We still have a month until the autumn equinox on September 23, but it sure feels like fall started early! The mornings have been misty and the sky is a lot less bright as I do my evening walks though the yard.
Tomatoes are harvested daily and all the pumpkins and winter squash are relocated from the vines into the pantry. For the past month, my counters have been covered in rotating trays of pears, apples, cucumbers, and tomatoes. The canning pot has taken up its late summer semi-permanent spot on the stove and I’m regularly turning out batches of preserved goods.
The leaves on the fruit and walnut trees are turning yellow and starting to fall, creating a carpet of yellow around their base. My persimmon tree is so fully loaded the branches are touching the ground. The drying beans are also turning color, the plants slowly dying back, and I’ve stopped watering that bed to facilitate faster drying. Fronds from the asparagus are browning and the red berries are standing out like glowing ornaments.

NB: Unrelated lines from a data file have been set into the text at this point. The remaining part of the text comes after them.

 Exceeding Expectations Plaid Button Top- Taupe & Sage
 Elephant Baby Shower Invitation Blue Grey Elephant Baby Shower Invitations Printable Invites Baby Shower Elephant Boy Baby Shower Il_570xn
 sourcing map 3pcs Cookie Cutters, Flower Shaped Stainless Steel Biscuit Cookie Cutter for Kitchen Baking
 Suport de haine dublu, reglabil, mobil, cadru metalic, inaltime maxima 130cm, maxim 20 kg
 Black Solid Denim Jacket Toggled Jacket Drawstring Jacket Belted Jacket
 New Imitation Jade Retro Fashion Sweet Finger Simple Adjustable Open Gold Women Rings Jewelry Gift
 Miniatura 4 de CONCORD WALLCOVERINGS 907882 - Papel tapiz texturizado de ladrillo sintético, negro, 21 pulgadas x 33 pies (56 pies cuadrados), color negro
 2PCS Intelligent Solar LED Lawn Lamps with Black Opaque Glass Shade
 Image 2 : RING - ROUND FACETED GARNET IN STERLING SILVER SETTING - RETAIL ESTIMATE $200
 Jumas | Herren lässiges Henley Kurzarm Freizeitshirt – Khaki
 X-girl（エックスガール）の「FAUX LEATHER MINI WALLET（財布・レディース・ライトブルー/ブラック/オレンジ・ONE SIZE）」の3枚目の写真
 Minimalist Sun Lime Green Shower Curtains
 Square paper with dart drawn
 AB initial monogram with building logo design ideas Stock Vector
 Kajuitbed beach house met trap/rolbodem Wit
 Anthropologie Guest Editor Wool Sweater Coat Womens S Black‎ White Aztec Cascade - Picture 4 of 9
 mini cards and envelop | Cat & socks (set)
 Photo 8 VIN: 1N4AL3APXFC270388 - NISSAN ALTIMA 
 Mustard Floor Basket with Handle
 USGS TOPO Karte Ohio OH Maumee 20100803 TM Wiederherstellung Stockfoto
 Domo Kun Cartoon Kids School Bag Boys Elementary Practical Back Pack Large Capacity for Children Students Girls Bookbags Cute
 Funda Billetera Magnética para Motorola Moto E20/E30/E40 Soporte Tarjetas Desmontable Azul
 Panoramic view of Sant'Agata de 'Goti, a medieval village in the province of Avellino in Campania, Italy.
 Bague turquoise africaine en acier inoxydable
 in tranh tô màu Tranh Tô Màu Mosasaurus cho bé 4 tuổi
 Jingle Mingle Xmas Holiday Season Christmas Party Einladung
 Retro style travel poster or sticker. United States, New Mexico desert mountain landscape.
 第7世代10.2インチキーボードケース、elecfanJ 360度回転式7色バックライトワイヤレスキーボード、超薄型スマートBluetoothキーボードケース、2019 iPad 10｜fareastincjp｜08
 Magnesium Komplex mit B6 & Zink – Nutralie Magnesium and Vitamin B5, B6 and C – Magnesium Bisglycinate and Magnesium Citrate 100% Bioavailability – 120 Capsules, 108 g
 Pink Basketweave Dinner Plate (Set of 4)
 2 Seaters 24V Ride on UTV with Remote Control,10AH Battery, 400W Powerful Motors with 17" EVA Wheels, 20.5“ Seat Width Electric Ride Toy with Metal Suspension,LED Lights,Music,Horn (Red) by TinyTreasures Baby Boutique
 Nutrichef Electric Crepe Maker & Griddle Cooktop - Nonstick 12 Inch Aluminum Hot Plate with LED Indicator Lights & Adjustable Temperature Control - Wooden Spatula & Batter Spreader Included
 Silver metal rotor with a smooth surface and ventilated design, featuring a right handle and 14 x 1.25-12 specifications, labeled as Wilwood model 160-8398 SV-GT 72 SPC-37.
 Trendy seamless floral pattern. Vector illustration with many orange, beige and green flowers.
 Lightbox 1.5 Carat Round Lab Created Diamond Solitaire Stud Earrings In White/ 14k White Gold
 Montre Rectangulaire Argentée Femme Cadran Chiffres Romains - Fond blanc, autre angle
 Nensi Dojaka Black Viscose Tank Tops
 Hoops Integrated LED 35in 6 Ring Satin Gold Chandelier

My mind and body is making the shift as well. While our mid-days are still warm and bright, in the evenings I’m sensing the urge to curl up with knitting needles and tea. The high path of the summer sun is shifting, and without its bright light beaming in my window first thing has made me start to sleep in longer. I’m no longer wanting cool refreshing foods but craving heavy winter foods like roasted squash and cheesy gratins. As my friend Diana recently said, “I want rain rain rain and pumpkin!”. I’ve heard (i.e.- read on the interwebs, so it must be true!) that Starbucks has already released the iconic seasonal pumpkin spice latte.
The chickens have noticed the change as well, and I’m getting significantly less eggs than I did a few weeks ago. Yesterday, only 5. The one turkey left from a raccoon massacre at the pallet palace, who’s taken up residence with the chickens, is growing nicely.
I’ve been mostly preoccupied in the kitchen, trying to get pound and pounds of pears and tomatoes into jars, but I’ve slowly been working on transitioning the garden into the winter growing season. Eggplants and pepper that never really did anything have been pulled, as well as spent squash vines and the dead tomatillo plants that gave up promptly after forming husks but never set fruit. Hopefully within the next few weeks I’ll make some more space and get kale and beet seeds in, soon to follow by brassica starts.
Late summer and autumn is my favorite season, with the busyness of harvest and I’m reveling in the change of the weather! How are things where you are? What do you love best about fall?